Hinterher lief es (dank Hilfe aus dem Forum), aber die Level´s waren aufgrund der fehlerhaften Trigger teilweise eine Tortur. Das Add-On habe ich daher leider nicht mehr (wieder) durchgespielt.


----------



## DivS_Witti (28. Juli 2011)

Hallo Zusammen. Da fällt mir ein, Panzer General 3 D z.B. war sehr  schwer zum laufen zu bringen. Mit einem Tool ging es dann aber  doch.Möchte euch dieses Tool gern nahe legen, man kann damit sämtliche  Directx Versionen simulieren z.B Direct X6, 7 oder 8. Das tool heißt  "DxWnd4PG" (DirectX Windows für Panzer General)  einfach "DxWnd4PG  download" in Google eingeben und auf den ersten link klicken, dort  findet ihr dieses Tool. Hätte es auch direkt verlinken können, wusste  aber nicht ob es erlaubt ist. Danach das Tool starten, den Pfad der Exe  Datei vom Spiel im Programm eintragen und mit einem rechtsklick auf  modify kann mann dann alle Gewünschten Einstellungen vornehmen. Viele  Grüße Witti

 Ach und Dynasty General habe ich auch unter Win7 64bit nie zum laufen  bekommen, keine Ahnung ob es mit diesem Tool funktioniert.


----------



## XstarTT (29. Juli 2011)

[x] Ja (32-Bit-Version)

Sind auf jeden fall ne ganze Menge gewesen, aber die an die ich mich am besten erinnere sind Worms Armageddon, Cossacks European Wars und Funk Flitzer, weil ich mit den Spielen früher Stunden, Tage, wenn nicht sogar Wochen verbracht habe


----------



## Isengard412 (29. Juli 2011)

Ich hatte Probleme mit Silver (ist aber auch schon recht alt und kommt mit anscheinend mit einem zu großen RAM nicht klar).
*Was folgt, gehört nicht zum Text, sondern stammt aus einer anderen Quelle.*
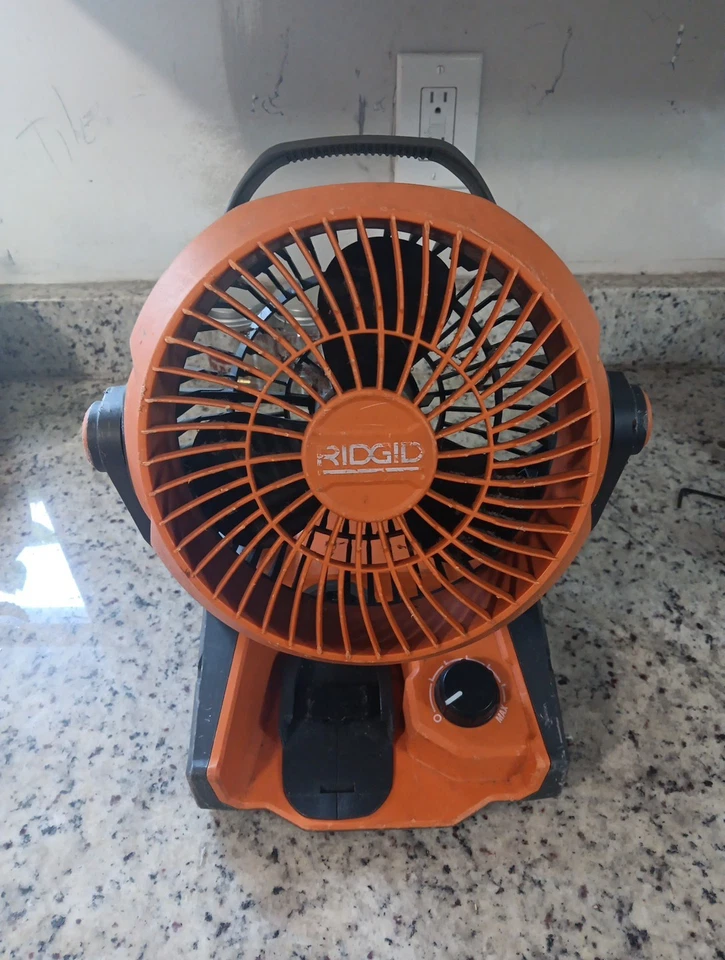 Ventilador híbrido sem fio Ridgid (R860721B) 18V (somente ferramenta) - Imagem 1 de 1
Das Ganze kommt bis ins Menü und Crasht sobald man das eigentliche Spiel startet.


----------



## Fantom (31. Juli 2011)

also ich habe mir letztens WipeOut2097 gekauft, das ist glaube ich so von 1995 oder 97, rechtsgeklikt, eigenschaften, kompatibilität auf 95 gestellt und es hat funktionier  , dann noch den 1024x768 mod draufgespielt, auch funktioniert , 4xAA und 8xAF im Treiber angemacht, lief butterweich mit irgendwas von 1000fps oder 3000 weiss nicht mehr 

ich ziehe meinen hut vor microsoft


----------



## BikeRider (31. Juli 2011)

Ich bekomme ja nicht mal Vermeer² zum laufen, wegen der dummen sch** dll.-Datei. http://extreme.pcgameshardware.de/sonstige-spielethemen/166641-frage-zu-dll-datei-vermeer.html


----------



## A3000T (1. August 2011)

[x]Ja, 64bit

X-Wing Alliance
Battle Isle 3


----------



## ruwebWer (1. August 2011)

- Spellforce Platinum Edition,  - Gothic 2,  - Sacred 2, - Rise Of The Argonauts, - Pure    (Auf Win 7 Ultimate - 64, Intel 2600 k, 8 Gb DDR-3  1600, GTX 570 SC)


----------



## Hidden (3. August 2011)

[x]Ja, 64bit

Sudeki (schade dass es bis heute keinen Nachfolger gibt, war ein sehr gutes Spiel)
Dafür hab ich extra nochmal XP installiert, damit ich es spielen konnte


----------



## Lord-Bass-T (3. August 2011)

Darkstar One


----------



## IceGamer (3. August 2011)

irgendwie interessant, dass es immernoch mehr probleme mit den 64-bit versionen gibt...

ich denke, dass es bei vielen spielen vorallem nur an den 64-bit liegt.


----------



## A3000T (3. August 2011)

Na ja, bei den älteren Sachen sicherlich, bei BI3 und XWA weiß ich es sogar und zumindest für letzteres gibt es einen modifizierten Installer. Aber bei DS0? So alt ist das ja nu auch wieder nicht.


----------



## Hidden (4. August 2011)

Oder weil einfach viel mehr nen 64bit Windows 7 haben und daher nicht wissen ob es unter 32bit laufen würde


----------



## Groß (4. August 2011)

[x] Ja (32-Bit-Version, Spiel bitte im Thread nennen)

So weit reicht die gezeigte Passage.